> [Activity] What are the lines, word for word, from the line with "Search for GPSSB" up to and including the line with "And that's it." in the records below? Omit the pictures.
:: The data ::
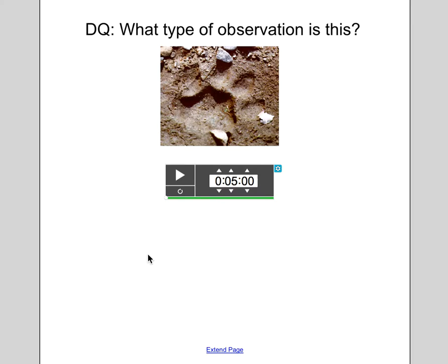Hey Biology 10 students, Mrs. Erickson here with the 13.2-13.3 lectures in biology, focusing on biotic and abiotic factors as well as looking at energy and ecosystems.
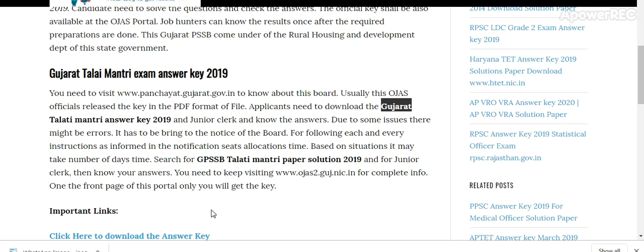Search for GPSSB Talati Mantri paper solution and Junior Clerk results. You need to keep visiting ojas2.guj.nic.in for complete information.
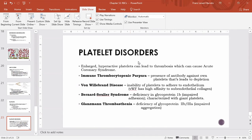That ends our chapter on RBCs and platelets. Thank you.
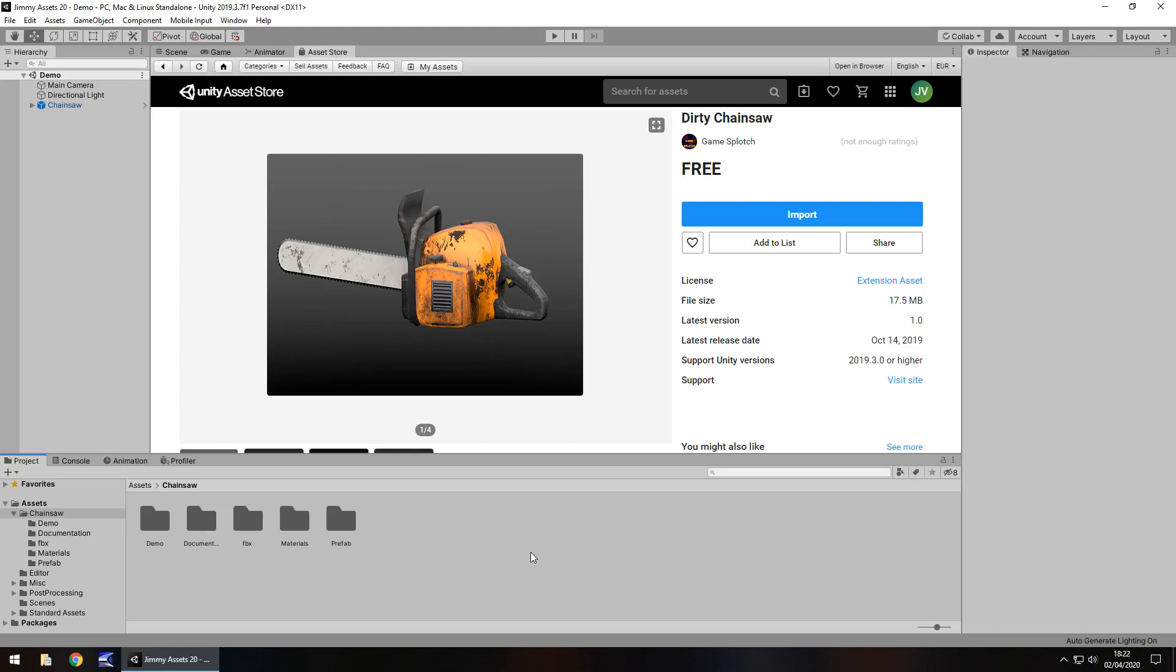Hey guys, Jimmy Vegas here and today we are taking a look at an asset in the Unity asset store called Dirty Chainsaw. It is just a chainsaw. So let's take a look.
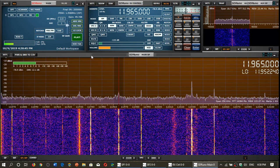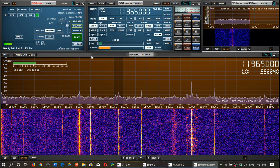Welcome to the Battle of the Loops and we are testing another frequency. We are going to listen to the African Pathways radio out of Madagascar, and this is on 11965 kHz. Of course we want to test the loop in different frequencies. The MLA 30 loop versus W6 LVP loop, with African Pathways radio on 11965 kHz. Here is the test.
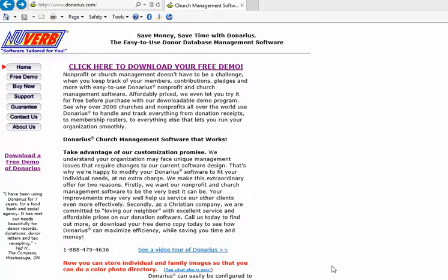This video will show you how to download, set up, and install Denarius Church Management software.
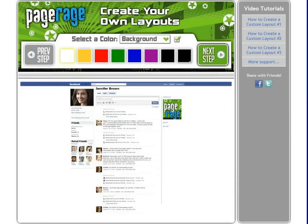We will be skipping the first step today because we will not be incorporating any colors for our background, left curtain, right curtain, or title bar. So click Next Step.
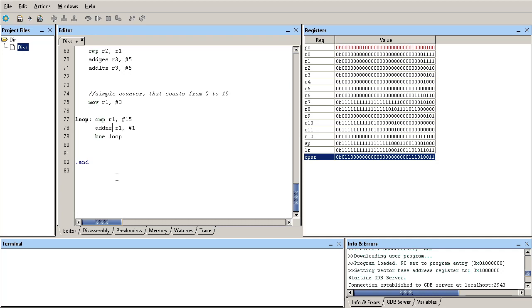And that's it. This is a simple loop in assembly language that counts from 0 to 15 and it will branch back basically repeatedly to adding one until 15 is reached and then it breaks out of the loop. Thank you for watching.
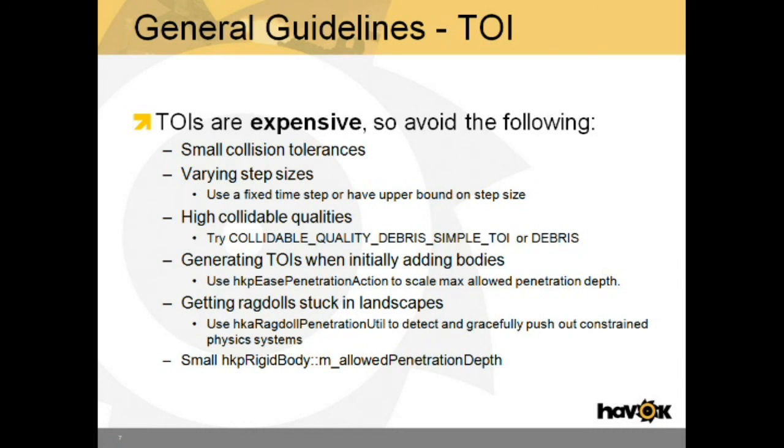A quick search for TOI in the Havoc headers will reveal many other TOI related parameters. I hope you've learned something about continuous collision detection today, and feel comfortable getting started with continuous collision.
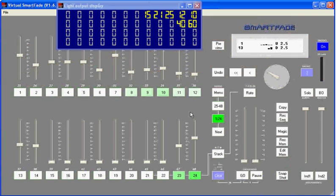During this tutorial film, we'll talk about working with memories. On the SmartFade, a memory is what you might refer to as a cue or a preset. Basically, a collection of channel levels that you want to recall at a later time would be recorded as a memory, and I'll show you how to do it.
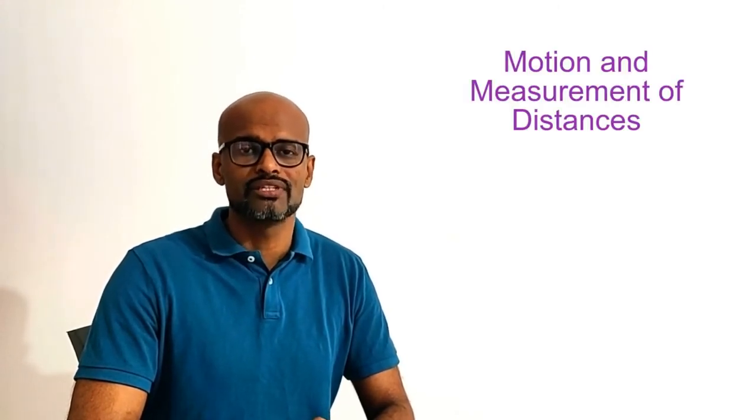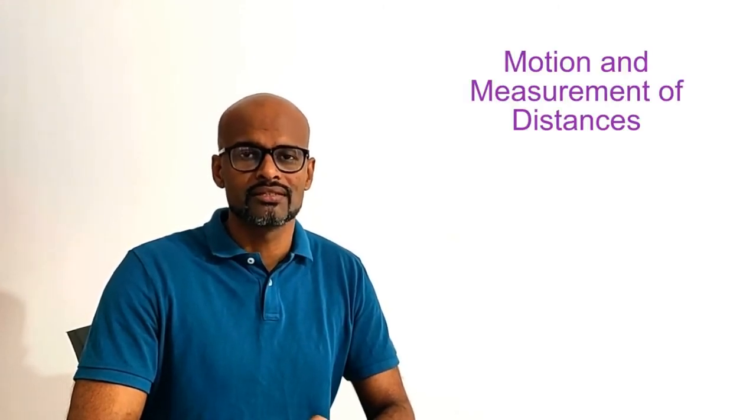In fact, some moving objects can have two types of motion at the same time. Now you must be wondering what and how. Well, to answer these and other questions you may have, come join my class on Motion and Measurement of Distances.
:::
:: The data ::
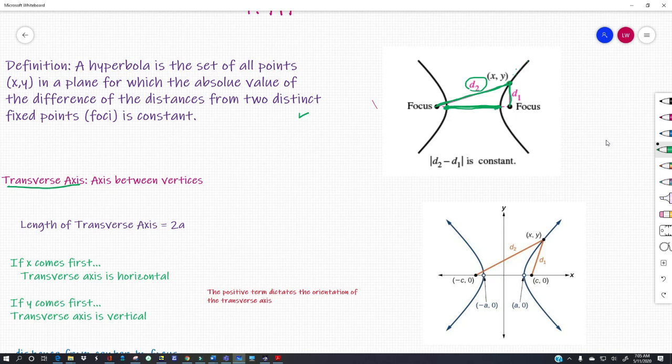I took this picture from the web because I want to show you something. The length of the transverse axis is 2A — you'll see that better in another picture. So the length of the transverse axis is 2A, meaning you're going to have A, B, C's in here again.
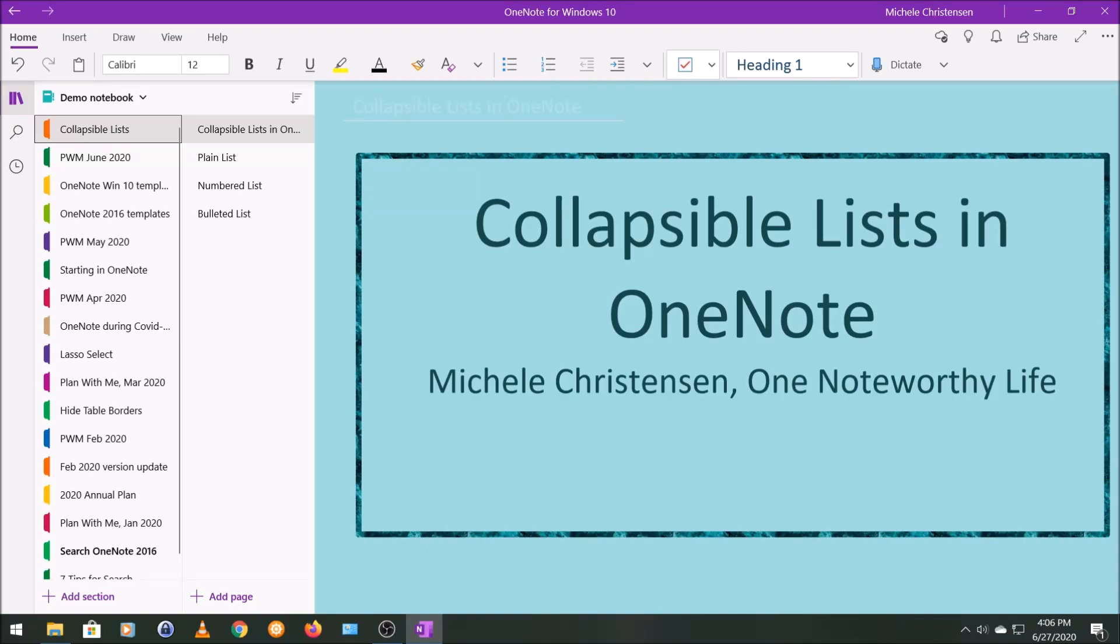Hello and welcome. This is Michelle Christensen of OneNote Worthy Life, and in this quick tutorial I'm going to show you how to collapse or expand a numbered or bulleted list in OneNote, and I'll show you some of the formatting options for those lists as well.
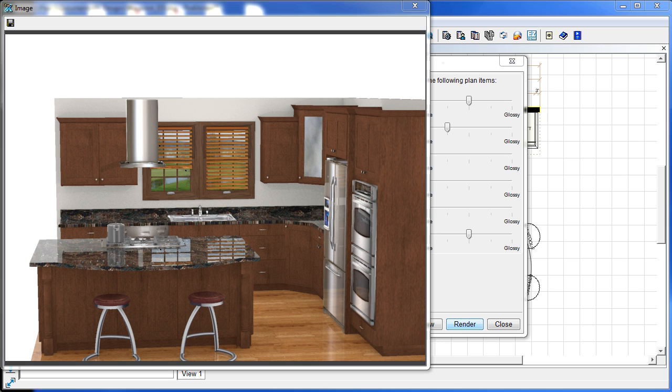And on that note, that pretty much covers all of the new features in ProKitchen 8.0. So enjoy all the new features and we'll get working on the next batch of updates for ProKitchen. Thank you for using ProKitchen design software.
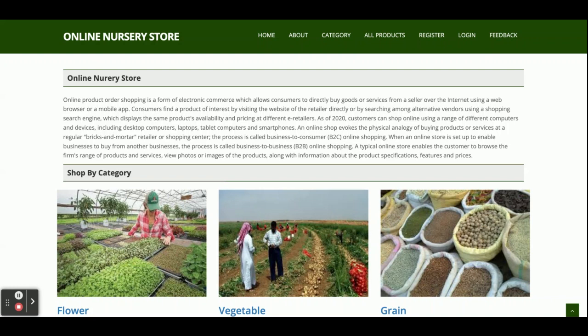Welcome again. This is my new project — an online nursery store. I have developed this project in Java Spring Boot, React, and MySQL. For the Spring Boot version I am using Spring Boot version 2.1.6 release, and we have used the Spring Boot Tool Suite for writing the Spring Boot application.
:::
> [Response]
Search for GPSSB Talati Mantri paper solution and Junior Clerk results. You need to keep visiting ojas2.guj.nic.in for complete information.
That ends our chapter on RBCs and platelets. Thank you.
Hey guys, Jimmy Vegas here and today we are taking a look at an asset in the Unity asset store called Dirty Chainsaw. It is just a chainsaw. So let's take a look.
Welcome to the Battle of the Loops and we are testing another frequency. We are going to listen to the African Pathways radio out of Madagascar, and this is on 11965 kHz. Of course we want to test the loop in different frequencies. The MLA 30 loop versus W6 LVP loop, with African Pathways radio on 11965 kHz. Here is the test.
This video will show you how to download, set up, and install Denarius Church Management software.
We will be skipping the first step today because we will not be incorporating any colors for our background, left curtain, right curtain, or title bar. So click Next Step.
And that's it. This is a simple loop in assembly language that counts from 0 to 15 and it will branch back basically repeatedly to adding one until 15 is reached and then it breaks out of the loop. Thank you for watching.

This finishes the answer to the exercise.